This is a very easy determinant to calculate, but I get two different results when I calculate it in two different ways. \begin{equation} A = \begin{bmatrix} 1 & 2 & 3 \\ 0 & 1 & 2 \\ 2 & 2 & 4 \end{bmatrix} \end{equation}
When I used Laplace expansion right away I got: \begin{equation} \det(A) = 1 \cdot \begin{bmatrix} 1 & 2 \\ 2 & 4 \end{bmatrix} - 0 \cdot \begin{bmatrix} 2 & 3 \\ 2 & 4 \end{bmatrix} + 2 \cdot \begin{bmatrix} 2 & 3 \\ 1 & 2\end{bmatrix} = 1 \cdot (4 - 4) + 2 \cdot (4 - 3) = 2 \end{equation}
But when I rearrange the rows in the matrix and then try to calculate the determinant: \begin{equation} A = \begin{bmatrix} 1 & 2 & 3 \\ 0 & 1 & 2 \\ 2 & 2 & 4 \\ \end{bmatrix} \overset{r_1 \leftarrow 2 \cdot r_1 - r_3}{\longrightarrow} \begin{bmatrix} 0 & 2 & 2 \\ 0 & 1 & 2 \\ 2 & 2 & 4 \\ \end{bmatrix}\\ \det(A) = 0 \cdot \begin{bmatrix} 1 & 2 \\ 2 & 4 \end{bmatrix} - 0 \cdot \begin{bmatrix} 2 & 2 \\ 2 & 4 \end{bmatrix} + 2 \cdot \begin{bmatrix} 2 & 2 \\ 1 & 2\end{bmatrix} = 2 \cdot (4 - 2) = 4 \end{equation}
I have probably made a simple mistake, but I can't figure out where and I really want to get the basics down, before I move to harder examples.
The operation $r_1 \leftarrow 2r_1 - r_3$ does not preserve the determinant. Indeed, if you check the rules, the determinant is preserved if you subtract a multiple of a row from the actual other row (and not a multiple of it).
Suppose you did $r_1 \leftarrow r_1 - r_3$, then did Laplace expansion, things would work.

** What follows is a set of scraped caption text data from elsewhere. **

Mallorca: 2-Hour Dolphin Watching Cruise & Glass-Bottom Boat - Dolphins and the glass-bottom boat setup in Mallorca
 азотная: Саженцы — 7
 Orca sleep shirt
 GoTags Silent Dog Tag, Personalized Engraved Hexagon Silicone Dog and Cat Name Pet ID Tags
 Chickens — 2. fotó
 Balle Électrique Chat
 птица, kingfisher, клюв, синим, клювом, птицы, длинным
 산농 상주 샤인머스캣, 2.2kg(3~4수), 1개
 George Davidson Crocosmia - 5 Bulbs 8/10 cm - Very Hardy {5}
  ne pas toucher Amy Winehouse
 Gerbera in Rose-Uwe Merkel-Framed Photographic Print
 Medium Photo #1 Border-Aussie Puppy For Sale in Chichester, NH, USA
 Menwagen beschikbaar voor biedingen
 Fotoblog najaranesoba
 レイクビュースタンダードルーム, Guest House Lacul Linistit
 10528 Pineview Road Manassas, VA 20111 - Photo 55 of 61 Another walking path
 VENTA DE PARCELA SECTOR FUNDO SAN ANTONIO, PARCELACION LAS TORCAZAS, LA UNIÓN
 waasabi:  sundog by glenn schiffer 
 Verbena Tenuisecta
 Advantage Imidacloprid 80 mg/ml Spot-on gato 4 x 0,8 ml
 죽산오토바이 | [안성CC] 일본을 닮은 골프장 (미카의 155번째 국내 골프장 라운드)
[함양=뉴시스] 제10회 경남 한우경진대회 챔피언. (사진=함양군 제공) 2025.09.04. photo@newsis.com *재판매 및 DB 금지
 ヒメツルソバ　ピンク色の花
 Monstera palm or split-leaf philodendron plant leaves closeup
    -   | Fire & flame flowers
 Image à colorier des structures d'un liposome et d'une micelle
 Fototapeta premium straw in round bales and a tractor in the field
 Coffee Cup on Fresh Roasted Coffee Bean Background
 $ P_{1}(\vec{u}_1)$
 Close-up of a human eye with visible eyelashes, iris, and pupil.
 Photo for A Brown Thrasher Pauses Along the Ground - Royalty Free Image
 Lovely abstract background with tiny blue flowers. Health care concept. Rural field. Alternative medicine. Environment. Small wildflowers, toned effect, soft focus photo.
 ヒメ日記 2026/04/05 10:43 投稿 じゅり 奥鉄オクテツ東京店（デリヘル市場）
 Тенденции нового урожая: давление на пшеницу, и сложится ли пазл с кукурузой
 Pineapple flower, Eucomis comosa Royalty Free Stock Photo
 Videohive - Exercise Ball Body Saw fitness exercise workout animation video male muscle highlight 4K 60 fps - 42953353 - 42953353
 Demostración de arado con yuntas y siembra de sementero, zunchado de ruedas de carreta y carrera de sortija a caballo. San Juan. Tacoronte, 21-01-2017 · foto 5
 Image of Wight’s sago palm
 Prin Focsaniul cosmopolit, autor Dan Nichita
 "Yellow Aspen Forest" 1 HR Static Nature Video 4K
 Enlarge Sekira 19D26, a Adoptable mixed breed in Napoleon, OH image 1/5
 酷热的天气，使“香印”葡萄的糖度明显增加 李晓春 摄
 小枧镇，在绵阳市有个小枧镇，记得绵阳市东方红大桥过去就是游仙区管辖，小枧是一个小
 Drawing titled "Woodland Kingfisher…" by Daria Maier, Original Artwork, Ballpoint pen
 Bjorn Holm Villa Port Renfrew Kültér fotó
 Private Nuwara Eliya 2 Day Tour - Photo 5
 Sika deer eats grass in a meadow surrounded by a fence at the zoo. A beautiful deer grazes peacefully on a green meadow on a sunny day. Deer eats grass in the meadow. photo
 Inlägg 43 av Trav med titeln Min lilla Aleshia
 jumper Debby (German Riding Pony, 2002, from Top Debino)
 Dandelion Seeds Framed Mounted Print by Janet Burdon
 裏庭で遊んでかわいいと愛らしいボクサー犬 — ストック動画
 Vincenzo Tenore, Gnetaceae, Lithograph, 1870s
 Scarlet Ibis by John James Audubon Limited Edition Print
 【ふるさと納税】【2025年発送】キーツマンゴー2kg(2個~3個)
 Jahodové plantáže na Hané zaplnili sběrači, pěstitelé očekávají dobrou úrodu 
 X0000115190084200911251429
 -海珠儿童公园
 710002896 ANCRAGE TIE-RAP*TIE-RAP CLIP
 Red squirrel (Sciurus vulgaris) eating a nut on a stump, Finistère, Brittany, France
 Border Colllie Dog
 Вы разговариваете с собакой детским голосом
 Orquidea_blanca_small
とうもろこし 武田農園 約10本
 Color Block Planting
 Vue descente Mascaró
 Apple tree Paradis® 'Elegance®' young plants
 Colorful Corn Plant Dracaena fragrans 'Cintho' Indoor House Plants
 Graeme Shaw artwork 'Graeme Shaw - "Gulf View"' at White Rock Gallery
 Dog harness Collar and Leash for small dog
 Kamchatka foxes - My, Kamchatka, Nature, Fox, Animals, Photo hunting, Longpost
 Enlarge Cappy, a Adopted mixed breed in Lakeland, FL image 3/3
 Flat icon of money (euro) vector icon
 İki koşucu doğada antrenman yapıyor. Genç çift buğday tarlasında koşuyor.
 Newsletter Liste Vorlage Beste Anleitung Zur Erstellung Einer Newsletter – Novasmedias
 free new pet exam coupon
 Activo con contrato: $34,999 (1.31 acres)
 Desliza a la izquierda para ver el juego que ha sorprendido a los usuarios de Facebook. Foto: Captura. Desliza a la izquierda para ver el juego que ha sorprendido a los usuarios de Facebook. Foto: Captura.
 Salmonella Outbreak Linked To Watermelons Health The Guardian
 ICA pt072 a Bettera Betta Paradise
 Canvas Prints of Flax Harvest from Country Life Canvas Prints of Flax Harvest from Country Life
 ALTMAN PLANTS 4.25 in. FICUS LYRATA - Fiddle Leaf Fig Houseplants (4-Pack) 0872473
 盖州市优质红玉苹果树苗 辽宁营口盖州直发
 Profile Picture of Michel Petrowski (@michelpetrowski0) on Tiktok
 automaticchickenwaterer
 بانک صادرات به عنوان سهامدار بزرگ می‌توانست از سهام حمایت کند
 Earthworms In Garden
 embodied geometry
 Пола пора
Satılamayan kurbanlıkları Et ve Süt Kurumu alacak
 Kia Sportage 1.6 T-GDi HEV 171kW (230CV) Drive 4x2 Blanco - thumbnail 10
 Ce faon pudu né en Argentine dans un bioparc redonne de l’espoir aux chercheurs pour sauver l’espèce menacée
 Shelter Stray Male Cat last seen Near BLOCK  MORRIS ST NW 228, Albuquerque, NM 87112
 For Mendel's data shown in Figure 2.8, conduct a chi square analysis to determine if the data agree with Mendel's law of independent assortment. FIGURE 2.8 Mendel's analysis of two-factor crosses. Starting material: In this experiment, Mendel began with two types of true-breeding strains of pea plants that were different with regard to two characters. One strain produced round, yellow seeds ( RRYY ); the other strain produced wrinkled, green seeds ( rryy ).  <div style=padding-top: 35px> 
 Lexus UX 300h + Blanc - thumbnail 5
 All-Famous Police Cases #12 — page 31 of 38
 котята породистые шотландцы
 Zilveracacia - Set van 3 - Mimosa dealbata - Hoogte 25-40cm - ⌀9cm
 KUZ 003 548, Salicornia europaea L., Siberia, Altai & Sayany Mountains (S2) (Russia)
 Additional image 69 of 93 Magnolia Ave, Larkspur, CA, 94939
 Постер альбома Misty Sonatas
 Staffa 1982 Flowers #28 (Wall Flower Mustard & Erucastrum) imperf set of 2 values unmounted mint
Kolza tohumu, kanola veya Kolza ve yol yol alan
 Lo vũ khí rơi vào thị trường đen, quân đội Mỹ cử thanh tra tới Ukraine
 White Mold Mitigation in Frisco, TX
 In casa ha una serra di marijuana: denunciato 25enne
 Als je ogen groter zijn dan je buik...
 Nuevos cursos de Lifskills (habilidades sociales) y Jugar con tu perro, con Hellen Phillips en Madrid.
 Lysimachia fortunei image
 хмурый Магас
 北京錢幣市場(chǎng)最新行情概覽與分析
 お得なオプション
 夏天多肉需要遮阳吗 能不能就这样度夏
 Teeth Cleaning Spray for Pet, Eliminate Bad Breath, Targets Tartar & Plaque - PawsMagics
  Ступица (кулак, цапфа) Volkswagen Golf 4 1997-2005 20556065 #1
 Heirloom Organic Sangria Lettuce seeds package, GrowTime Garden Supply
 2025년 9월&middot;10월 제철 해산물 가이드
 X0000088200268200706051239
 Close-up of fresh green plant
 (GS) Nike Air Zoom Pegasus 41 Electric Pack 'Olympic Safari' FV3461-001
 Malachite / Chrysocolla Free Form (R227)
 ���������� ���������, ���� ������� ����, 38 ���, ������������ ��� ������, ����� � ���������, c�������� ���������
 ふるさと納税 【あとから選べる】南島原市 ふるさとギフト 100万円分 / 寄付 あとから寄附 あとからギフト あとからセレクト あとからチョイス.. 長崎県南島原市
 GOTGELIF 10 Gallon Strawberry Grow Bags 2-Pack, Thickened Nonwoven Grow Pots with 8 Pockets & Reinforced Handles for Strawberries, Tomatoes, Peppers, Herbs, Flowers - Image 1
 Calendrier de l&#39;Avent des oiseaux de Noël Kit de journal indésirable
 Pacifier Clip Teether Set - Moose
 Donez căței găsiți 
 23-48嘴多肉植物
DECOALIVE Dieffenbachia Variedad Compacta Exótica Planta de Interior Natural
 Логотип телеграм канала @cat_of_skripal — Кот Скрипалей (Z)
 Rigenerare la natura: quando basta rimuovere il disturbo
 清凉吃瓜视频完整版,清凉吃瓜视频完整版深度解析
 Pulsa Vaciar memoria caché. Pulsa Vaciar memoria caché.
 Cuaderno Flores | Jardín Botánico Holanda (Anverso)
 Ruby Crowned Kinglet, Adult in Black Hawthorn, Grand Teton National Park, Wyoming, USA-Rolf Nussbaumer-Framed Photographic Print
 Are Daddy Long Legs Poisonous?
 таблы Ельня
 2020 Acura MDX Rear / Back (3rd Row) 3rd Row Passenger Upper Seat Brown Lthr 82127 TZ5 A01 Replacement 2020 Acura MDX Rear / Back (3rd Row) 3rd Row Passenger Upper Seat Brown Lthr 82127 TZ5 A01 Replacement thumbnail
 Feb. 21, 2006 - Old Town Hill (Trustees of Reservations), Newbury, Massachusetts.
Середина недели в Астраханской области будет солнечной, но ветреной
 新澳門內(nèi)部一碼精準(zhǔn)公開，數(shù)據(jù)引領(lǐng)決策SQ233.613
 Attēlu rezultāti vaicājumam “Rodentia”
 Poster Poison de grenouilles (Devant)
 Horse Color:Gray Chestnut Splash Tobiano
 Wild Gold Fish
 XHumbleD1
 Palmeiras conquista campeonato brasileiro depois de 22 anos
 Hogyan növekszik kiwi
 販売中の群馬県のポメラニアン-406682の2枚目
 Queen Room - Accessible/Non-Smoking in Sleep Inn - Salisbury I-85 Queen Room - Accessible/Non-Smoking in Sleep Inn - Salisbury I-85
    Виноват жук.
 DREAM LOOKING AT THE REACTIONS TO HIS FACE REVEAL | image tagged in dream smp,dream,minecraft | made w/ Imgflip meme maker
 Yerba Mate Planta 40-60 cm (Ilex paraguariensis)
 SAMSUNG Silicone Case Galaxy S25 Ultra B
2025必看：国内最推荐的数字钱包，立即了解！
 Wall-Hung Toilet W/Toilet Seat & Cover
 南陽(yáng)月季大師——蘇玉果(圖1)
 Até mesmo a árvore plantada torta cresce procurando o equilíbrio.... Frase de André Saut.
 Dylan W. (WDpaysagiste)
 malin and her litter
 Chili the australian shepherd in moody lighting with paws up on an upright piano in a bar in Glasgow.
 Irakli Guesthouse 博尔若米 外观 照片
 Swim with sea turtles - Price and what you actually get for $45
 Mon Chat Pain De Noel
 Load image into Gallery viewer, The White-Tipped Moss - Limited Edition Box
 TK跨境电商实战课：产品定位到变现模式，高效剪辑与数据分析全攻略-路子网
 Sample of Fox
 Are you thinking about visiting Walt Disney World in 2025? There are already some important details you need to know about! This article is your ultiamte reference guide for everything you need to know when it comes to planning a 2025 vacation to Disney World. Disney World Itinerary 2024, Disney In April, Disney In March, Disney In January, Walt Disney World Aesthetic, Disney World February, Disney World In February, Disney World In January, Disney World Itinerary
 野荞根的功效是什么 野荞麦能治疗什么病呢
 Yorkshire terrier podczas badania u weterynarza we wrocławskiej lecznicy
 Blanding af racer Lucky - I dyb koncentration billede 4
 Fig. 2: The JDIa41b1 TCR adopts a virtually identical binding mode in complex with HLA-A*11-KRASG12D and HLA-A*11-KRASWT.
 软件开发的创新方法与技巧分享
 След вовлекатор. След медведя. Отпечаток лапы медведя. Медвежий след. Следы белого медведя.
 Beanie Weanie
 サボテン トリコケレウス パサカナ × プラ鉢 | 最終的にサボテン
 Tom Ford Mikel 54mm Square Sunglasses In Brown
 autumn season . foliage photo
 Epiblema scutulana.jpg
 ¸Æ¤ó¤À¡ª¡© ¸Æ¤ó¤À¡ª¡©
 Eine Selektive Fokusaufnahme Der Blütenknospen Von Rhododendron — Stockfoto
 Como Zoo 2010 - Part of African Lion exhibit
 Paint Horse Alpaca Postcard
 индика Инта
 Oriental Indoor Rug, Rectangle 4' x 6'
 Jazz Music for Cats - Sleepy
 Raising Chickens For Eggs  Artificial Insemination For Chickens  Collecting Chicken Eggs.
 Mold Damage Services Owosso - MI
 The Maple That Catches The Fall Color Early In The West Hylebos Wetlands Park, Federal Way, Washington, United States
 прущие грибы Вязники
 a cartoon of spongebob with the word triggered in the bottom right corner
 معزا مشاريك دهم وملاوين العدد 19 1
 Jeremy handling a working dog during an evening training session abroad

Suppose you did $r_1 \leftarrow r_1 - 2r_3$ followed by Laplace expansion, then things would work. However, because you did changed $r_1$ to $2r_1$ during the row change, the determinant got multiplied by exactly $2$ , which came out to be the decisive factor in the end, since $\frac 42 = 2$.